失態を気にして、セレスティは膝を付き詫びるがフィオリアは気にしていない。
むしろ、セレスティを心配しているようだ。
「最近呆けていることが多いわ。何をしていても上の空だし・・・・。
エリザベス嬢の誕生パーティの後からかしら、おかしくなったのは」
ふと思ったフィオリアがそう言うと、セレスティはドキッとした。
その一瞬の変化に、観察力の鋭いフィオリアが気付かないわけも無く。
「・・・・セバスチャンと何かあったのね?」
にやり。と擬音が付きそうな笑みを浮かべながらセレスティに近づく。
「何があったの?楽しそうに二人で踊ってたじゃない?
あれからすごく気になってたのよね・・・・・。
この際だから、全部話しちゃいなさいよ!!ぱぁっと、ね?」
目をいつも以上にキラキラと輝かせて迫ってくるフィオリア。
期待を裏切るようで心苦しかったが、セレスティはフィオリアの肩をそっと押し戻す。
「申し訳ありませんが・・・・・セバスチャン殿との秘密ですので・・・・」
深い意味は無かったのだが、フィオリアはまあっ!!と黄色い声を上げた。
「良いわ、セレスティ!!何も言わなくても!!
大丈夫!!私は<そういうこと>に関しては何の偏見も無いから!!!」
「?!お、お嬢様!!??そういうこと、とは何のことですか?!」
一人盛り上がるフィオリアに、慌ててセレスティが止めに入る。
「あら?二人は恋に落ちたんじゃないの?」
きょとん。

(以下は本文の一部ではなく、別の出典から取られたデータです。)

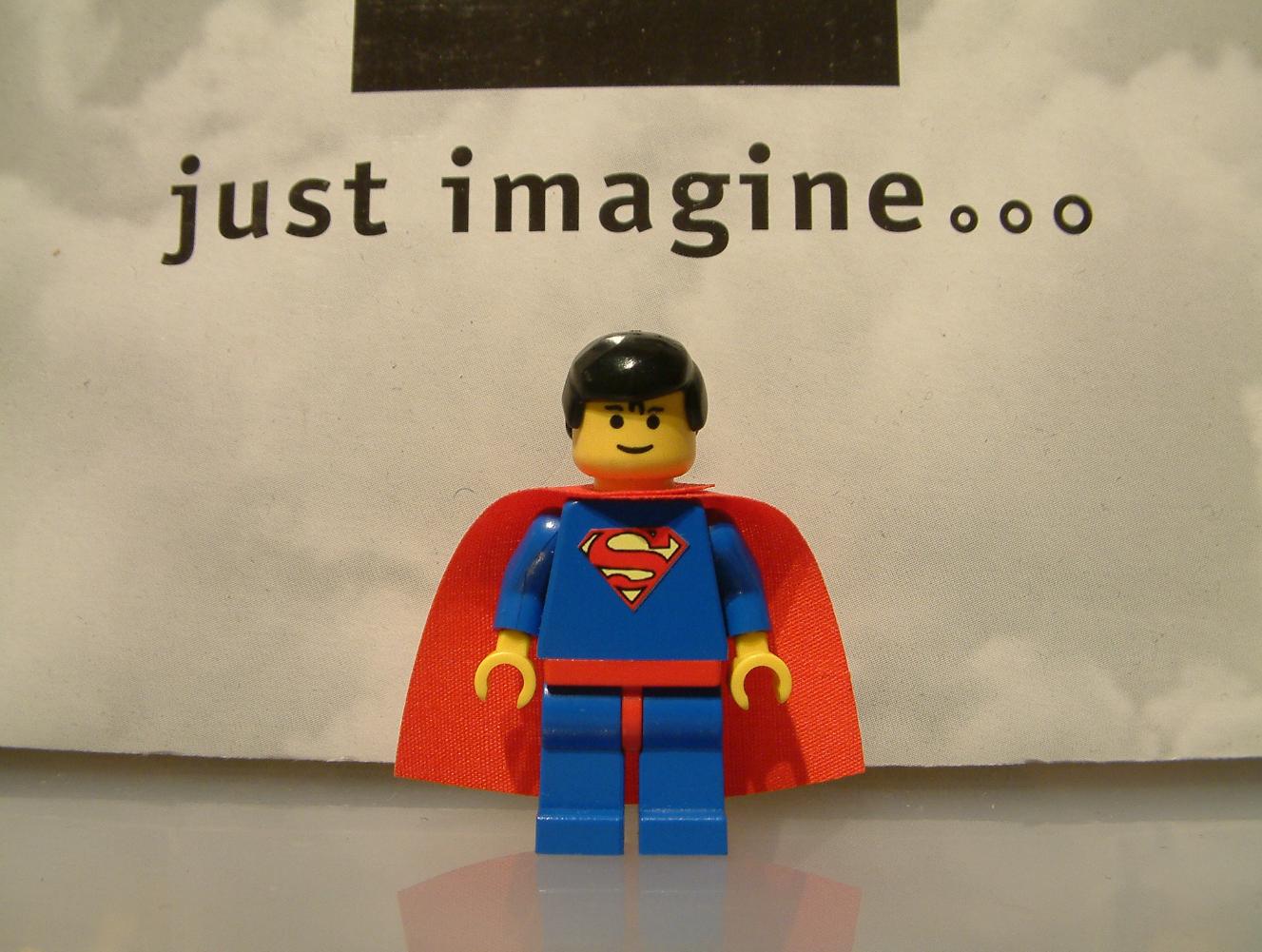 superman001.jpg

と可愛らしく目を開き、首を傾げるフィオリア。
その言葉に顔を真っ青にして否定する。
「っ、あ、有り得ません!!!あんな、あんな奴と恋など出来るわけがないでしょう?!」
冗談はお止めください。と心底嫌そうにフィオリアにため息混じりに伝える。
えー?!と残念そうに声を上げ、先ほどから続けていた書類整理を再開する。
その様子を少し離れたところから見ようと、セレスティは移動する。
「・・・・・・恋、か」
誰にも聞こえないような声で呟く。
「私と<彼>とでは、無理ですよ・・・・お嬢様」
悲しげに吐かれた言葉は、虚しく部屋に消えていった。